Relation between Electric Field Intensity and Potential (or $E = -\frac{dV}{dr}$)}
Show that electric field intensity is given by the negative gradient of electric potential. What does the negative sign indicate in this expression?
Consider two points A and B in the electric field $\vec{E}$ due to a point charge $+Q$ placed at O. Assume that points A and B are very close to each other so that electric field intensity between A and B is uniform.
Let $q_0$ be the positive test charge placed at A. The force acting on charge $q_0$ in the electric field $\vec{E}$ is given by $\vec{F} = q_0 \vec{E}$. The direction of force $\vec{F}$ is along the direction of $\vec{E}$ i.e., away from the charge $+Q$.
Work done to move the test charge from point A to point B through distance $dr$ is given by
$dW= \vec{F} \cdot d\vec{r}
$(\because \vec{F} = q_0 \vec{E})$
$dW= q_0 \vec{E} \cdot d\vec{r}$
(\because \cos 180^\circ = -1)
$dW= q_0 E dr \cos 180^\circ
$dW = (-) q_0 E dr$
or
$ \frac{dW}{q_0} = -E dr$
According to the definition of potential difference,
$V = \frac{dW}{q_0}$
$\therefore$ eqn. (i) becomes
$dV = \frac{dW}{q_0}$
or
$dV = -E dr$
or
$E = -\frac{dV}{dr}$...(ii)
The quantity $\left(\frac{dV}{dr}\right)$ is called the electric potential gradient (the rate of change of potential with distance).

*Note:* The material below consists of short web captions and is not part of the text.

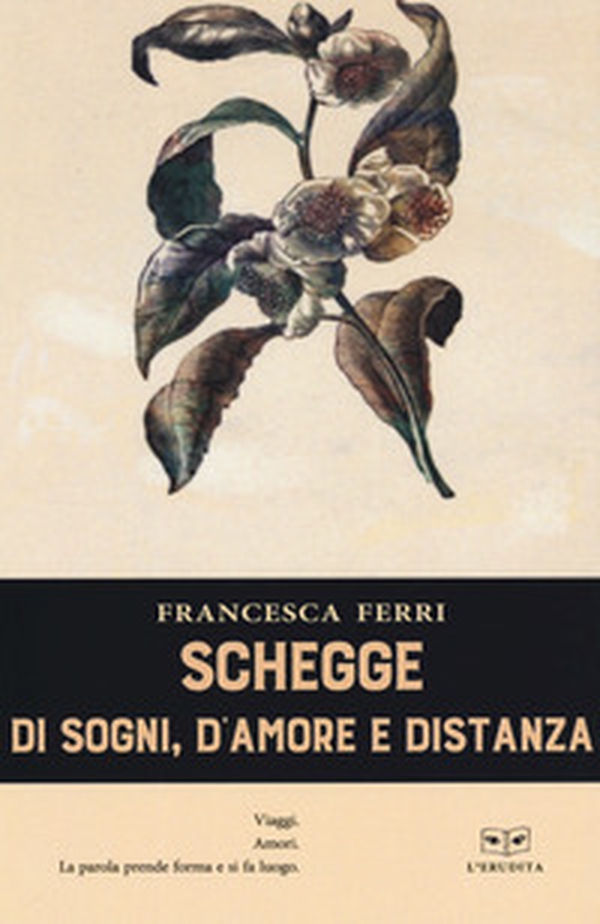 Schegge di sogni, d'amore e distanza - Librerie.coop Schegge di sogni, d'amore e distanza - Librerie.coop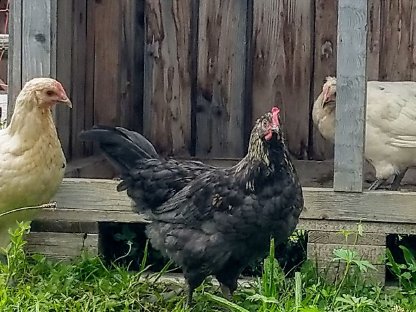 Bild 2:Hähne zu vergeben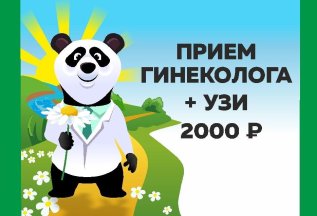 Прием гинеколога + УЗИ органов малого таза 2000 руб.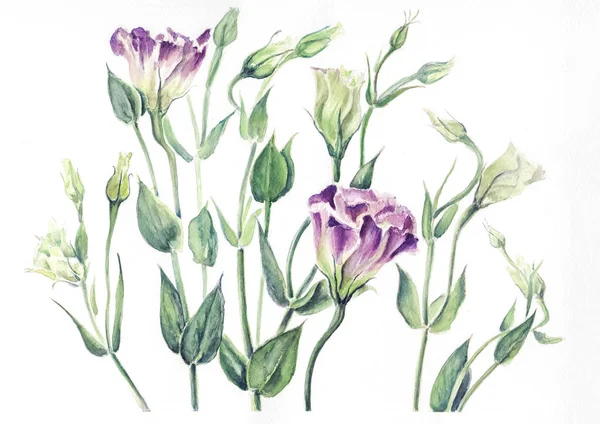 Eustoma suluboya sulak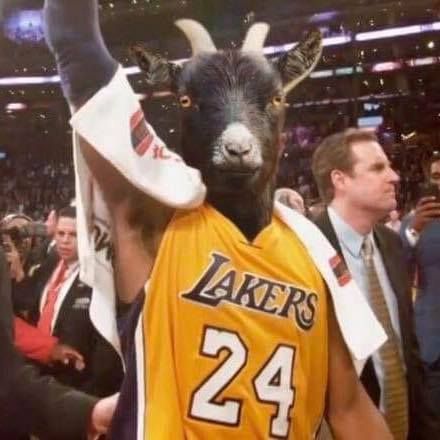 kobefan 8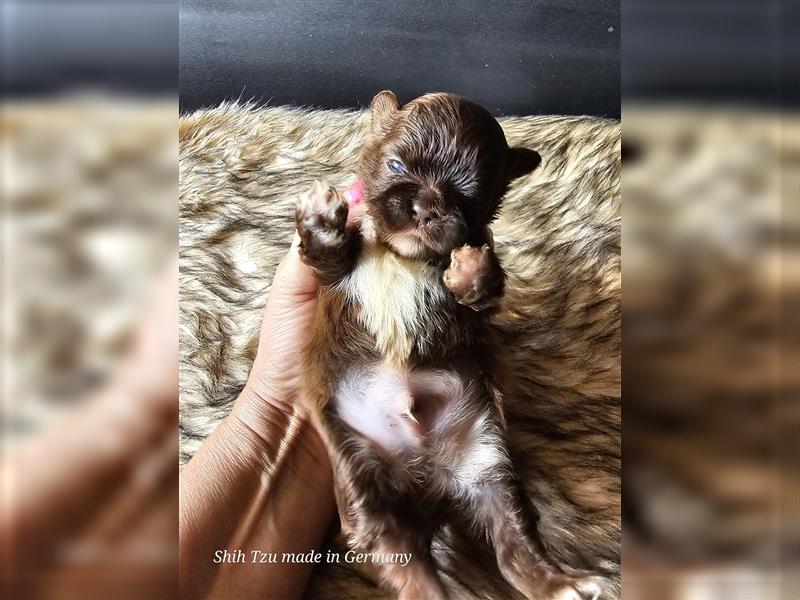 Reinrassige Shih Tzu Welpen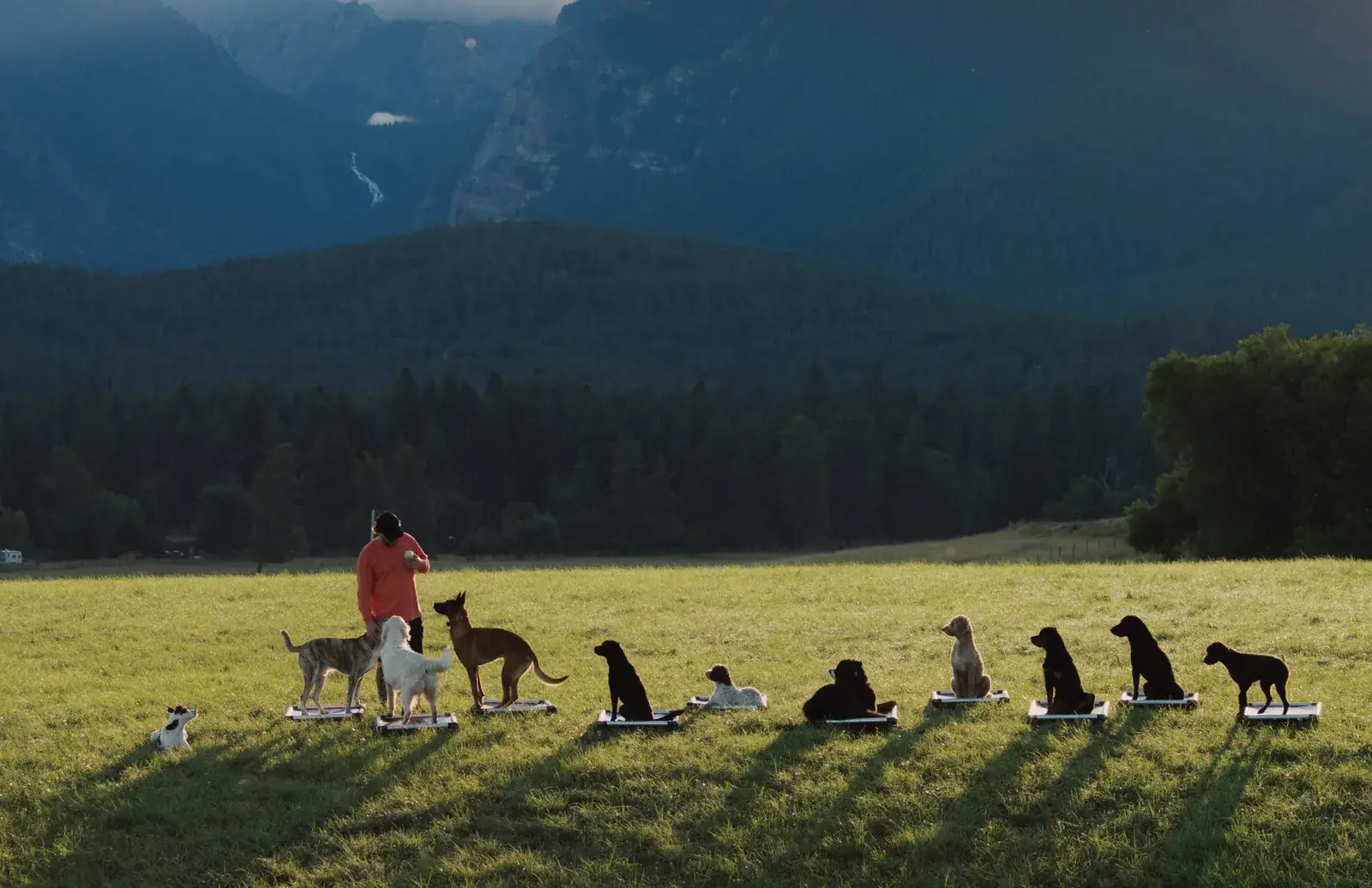Dillon Mitchell with ten graduate dogs holding place on raised beds in a Montana mountain field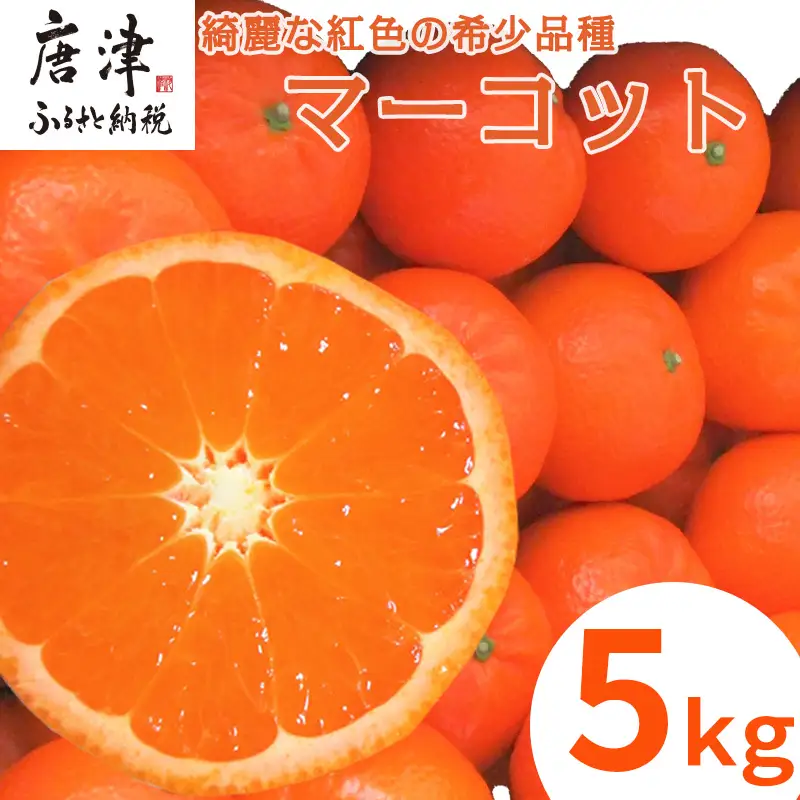 『先行予約』【令和9年2月中旬発送】マーコット（ハウス栽培）唐津産 5kg みかん ミカン 果物 フルーツ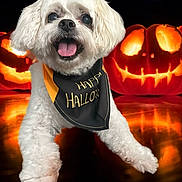 Rocky joined the competition — help win amazing prizes! dog, white_dog, fluffy, small_dog, pet, canine, portrait, halloween, pumpkin, jack_o_lantern, costume, bandana, happy, smiling, open_mouth, outdoor, festive, orange_lighting, dramatic_background, holiday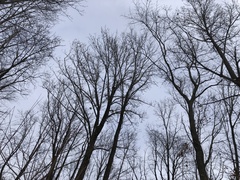 Liriodendron tulipifera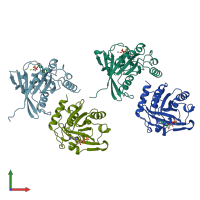 PDB entry 3ran coloured by chain, front view.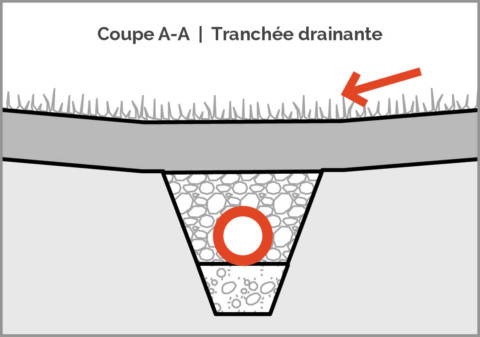 Plan gazon naturel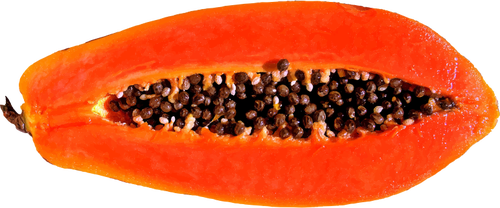 Papaya-Scheibe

The negative sign shows that electric field intensity is in the direction of decreasing electric potential gradient.
Thus, we conclude that
1. electric field is in the direction in which the electric potential decreases.
2. the magnitude of electric field is equal to the electric potential gradient.
3. SI unit of potential gradient is volt/metre (V m$^{-1}$), which is also the unit of electric field.
4. The relation $E = -dV/dr$ is valid for non-uniform field also.
5. The SI unit of electric field intensity is same as that of potential gradient i.e. V m$^{-1}$.
$1~\text{V m}^{-1} = 1~\text{N C}^{-1}$
6. Electric potential is a scalar quantity, while electric potential gradient is a vector quantity.